We Are the Champions

Fans of Boston sports teams are loving life right now. With the Bruins' Stanley Cup-winning Game 7 victory this past week, they can proudly boast championships in each of the four major sports since 2005.

Tis the season for me to have a one-track, drum-corps-centric mind--it's opening weekend, if you somehow missed it--and so when figuring out if that short a time frame was the shortest of any city (it is) I threw another variable into the mix: Which cities/metro areas can claim a championship in each of the four major sports AND a DCI World Championship?

It makes sense to start looking at the most restrictive of the championships; only eight different corps have taken home World Class gold. Of those, Star of Indiana, the Madison Scouts, and Phantom Regiment aren't in metro areas with each of the four major sports. Both Santa Clara Vanguard and the Blue Devils call the San Francisco Bay Area home; however, that area's lone hockey team, the San Jose Sharks, has never hoisted the Stanley Cup. This leaves three corps, fittingly in the three largest metro areas in the country.

The Los Angeles metro area lays claim to all five championships, but put quite a bit a time between them all. The Anaheim Kingsmen got the ball rolling by picking up the first DCI World Championship in 1972; the Anaheim Ducks closed the loops with the 2007 Stanley Cup. In the interim, there would be eight championships for the Lakers, the Dodgers and Angels would each win, and the Raiders would bring home the one trophy they brought to LA.

Chicago trimmed that time a bit, simply splitting the difference between the Bears' 1985 Super Bowl Shuffle and the Blackhawks' 2010 Stanley Cup championship. The White Sox won in 2005, the Phil Jackson-helmed, Michael Jordan-led Bulls would win six, and the Cavaliers would bring seven back to nearby Rosemont.

The Big Apple, not surprisingly, lays claim to the shortest time with all five championships. The Knicks won in 1973, and by the Giants' Super Bowl XXI win in early 1987, the Amazin' Mets would net one in 1986, the Yankees would win in 1977 and 1978, the Islanders would dominate Stanley Cup competition between 1980 and 1983, and the Garfield Cadets would do the same with in DCI between 1983 and 1985.

Boston Crusaders? You're on the clock. with no other Boston championships, BAC needs to take it all in DCI by the end of the 2018 season to keep Boston at the forefront.

Speaking of the Crusaders, they are one of two corps that I think have a legitimate beef with being left out of the Tour of Champions this summer.
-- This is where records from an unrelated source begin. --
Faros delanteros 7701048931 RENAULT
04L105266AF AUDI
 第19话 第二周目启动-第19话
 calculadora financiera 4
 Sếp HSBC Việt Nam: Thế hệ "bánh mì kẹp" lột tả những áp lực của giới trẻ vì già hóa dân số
If you'll recall, there were seven original gunmen on the grassy knoll corps who penned the proposal that led, at least in part, to the current Tour of Champions. The eighth, the Blue Stars, earned their spot based at least on their finish this past season and likely on their finish the past couple of seasons. That said, the Boston Crusaders have just as many Top 8 finishes in the past decade as the Blue Stars do; for that matter, the Crusaders have been a perennial finalist, while the Blue Stars just made the jump from Open Class a half decade ago. The Blue Stars were simply in the right place at the right time, a criticism UCF fans have often had of USF, who was invited to the Big East while the Knights remained in a non-AQ conference. That the Boston Crusaders recruit heavily from the central Florida region is a coincidence not lost on me.

The other corps who could be chagrined at their absence from the Tour of Champions? The only other corps to have been a champion in the DCI era, the Madison Scouts. If ever they were to raise this issue, however, one would need look no further than Relampago to justify their exclusion.